The Swiss banking industry has voiced its frustration over the recent decision by electors to vote for curbs on European Union immigrants in Switzerland, but played down fears of an immediate blow to the sector.
This publication contacted a number of organisations – both individual banks and the trade associations representing them – to find out their views about the impact of the 9 February vote, which saw voters agree by a slender 50.3 per cent margin to support curbs. Exact details of how any curbs will work have to be worked out over the next three years. Already, Credit Suisse, the second-biggest Swiss bank, says it fears a blow to GDP growth, investment and employment.
At the Swiss Bankers Association, the organisation representing over 300 banks in the country, the vote was dubbed “regrettable”, although it had to be accepted in a democratic process.
“The result has to be explained duly to the European Union now, and at the same time, a sensible solution has to be found to implement contingents in a non-bureaucratic way,” the SBA said in a statement emailed to this publication when contacted about its views.
“The EU is the most important foreign market for banks in Switzerland. The SBA advocates for more growth and an improved access to this market. It is very important that the phase of political uncertainty remains short, in order to avoid long-lasting negative effects on welfare in Switzerland,” the SBA, which recently set out its views on broader regulatory issues to this publication, said. (For more on that interview in Zurich, see here.)

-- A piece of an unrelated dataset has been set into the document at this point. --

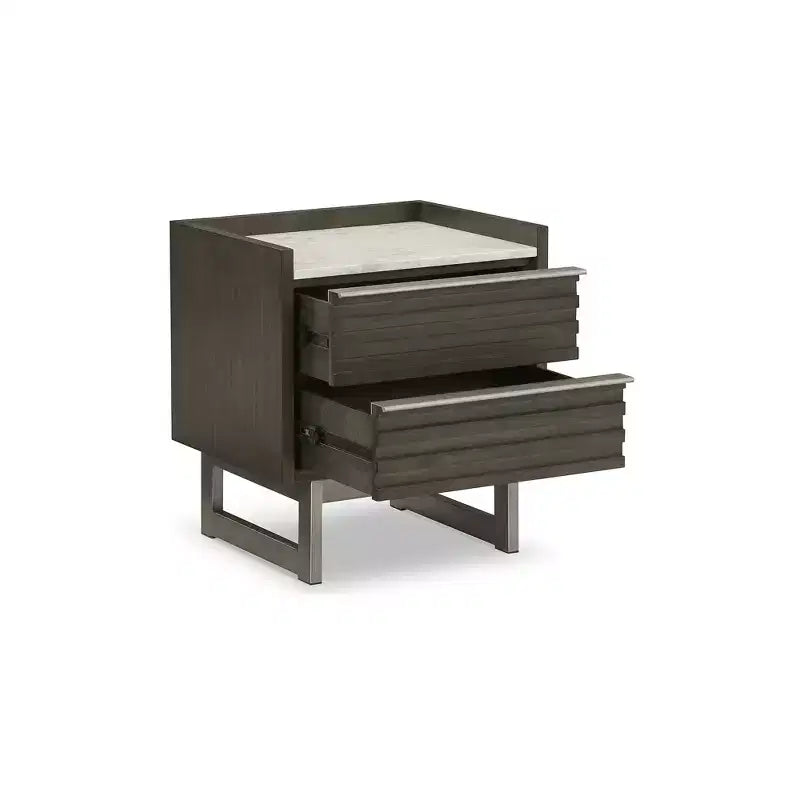 Signature Design by Ashley Arkenton Mesita de noche de 2 cajones con tapa de mármol blanco - Mesa auxiliar moderna para dormitorio, acabado en madera marrón grisáceo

A particular worry is that about 25 per cent of Swiss banks’ staff come from the EU, the organisation said. “The SBA fears that the available pool of trained staff will decrease now; it could become harder for banks to supply their needs for well-trained staff. Additionally, new contingent requirements could introduce even further bureaucratic hurdles,” it added.
Xavier Isaac, Head of Salamanca Group Trust & Fiduciary, who is based in Geneva, said: “It is a three-year window during which we need to adapt legislation…a lot of water can flow under the bridge. I am not too concerned about it. It is a bit of a shock from a perception point of view. We will still be able to attract talent to Geneva.”
Credit Suisse has warned that the country's economy could see a cut in GDP growth over the next three years as firms cancel, or cut, investment projects. The move could even hurt the value of the Swiss franc, it has said.
Cantons near Geneva and Zurich, where most financial services are located, voted against the referendum proposal; those in more rural parts of the country voted in favour. The vote seeks to overturn an arrangement in place since the start of the Noughties in which EU nationals, so long as they had a job, could be resident in Switzerland. The vote has already prompted complaints from EU officials.